» Listed records
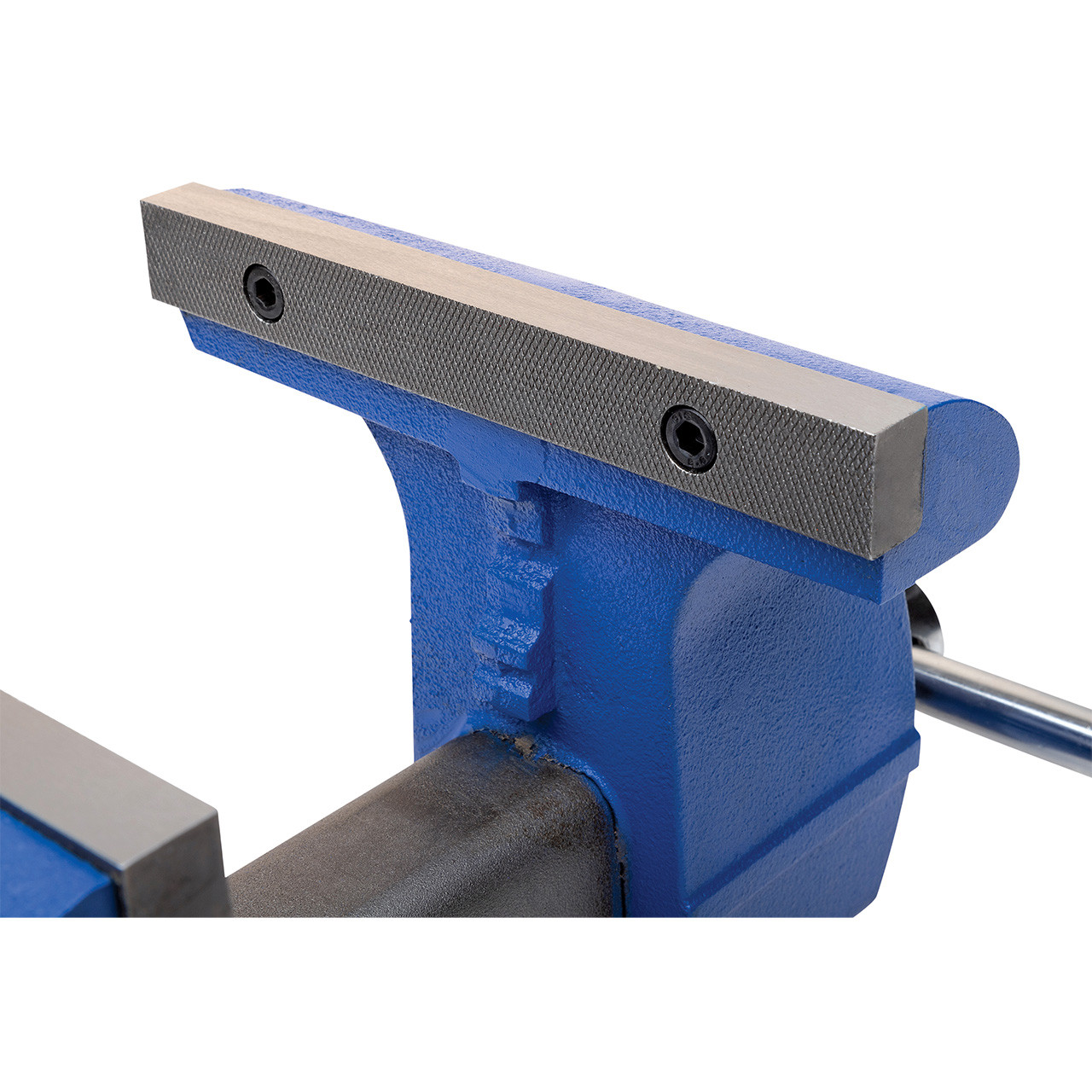 Yost Model 480 8 Inch Utility Bench Vise Apprentice Series - 56415 ...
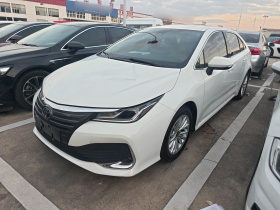 丰田 亚洲狮 2022款 2.0L 先锋版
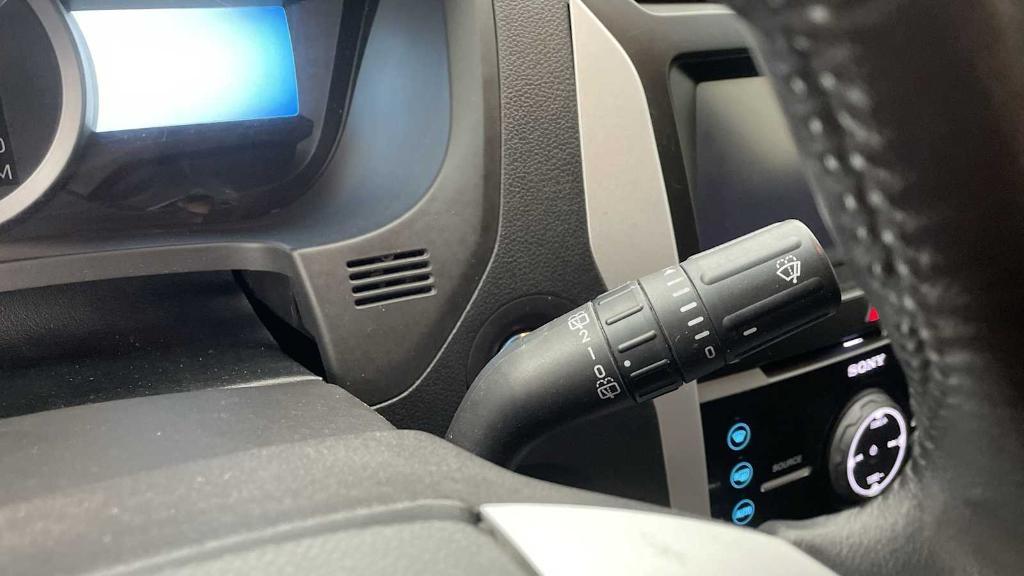 used 2015 Ford Explorer car, priced at $13,998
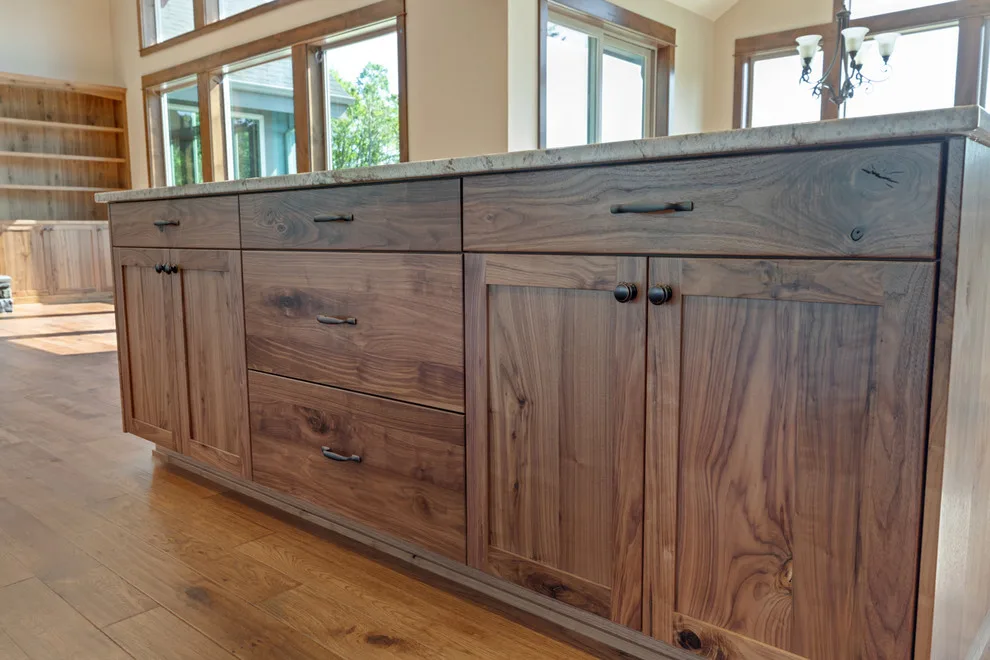 Worth Path Bespoke Residence by Corvallis Custom Kitchens & Baths - Photo 63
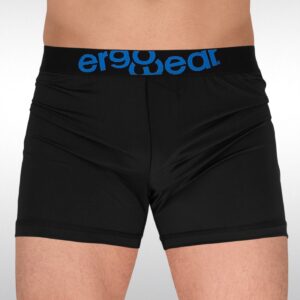 DREAM Boxer - Black - Image 1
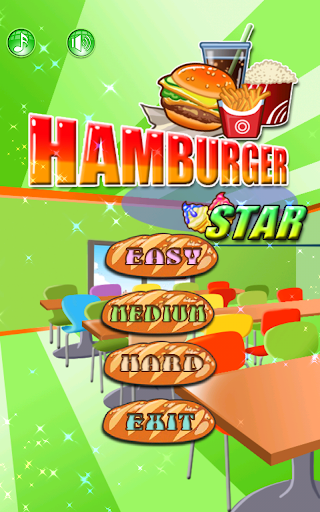 Hamburger Star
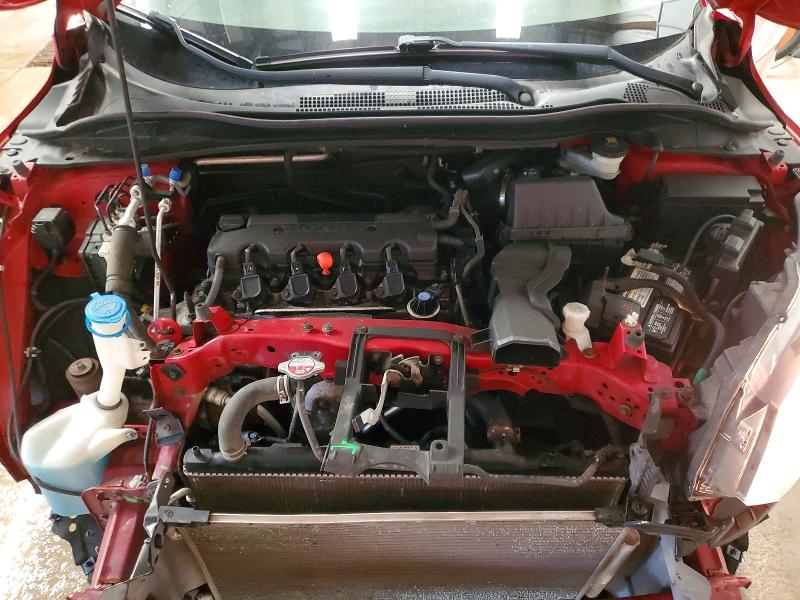 Продажа на аукционе авто 2016 Honda Hr-v, vin: 3CZRU6H56GM759333, номер лота: 50133936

» Task item
Output nothing but the lines from the line with "丰田 亚洲狮 2022款 2.0L 先锋版" through the last line of the material above, please, word for word and without the pictures.

» Written response
 丰田 亚洲狮 2022款 2.0L 先锋版
 used 2015 Ford Explorer car, priced at $13,998
 Worth Path Bespoke Residence by Corvallis Custom Kitchens & Baths - Photo 63
 DREAM Boxer - Black - Image 1
 Hamburger Star
 Продажа на аукционе авто 2016 Honda Hr-v, vin: 3CZRU6H56GM759333, номер лота: 50133936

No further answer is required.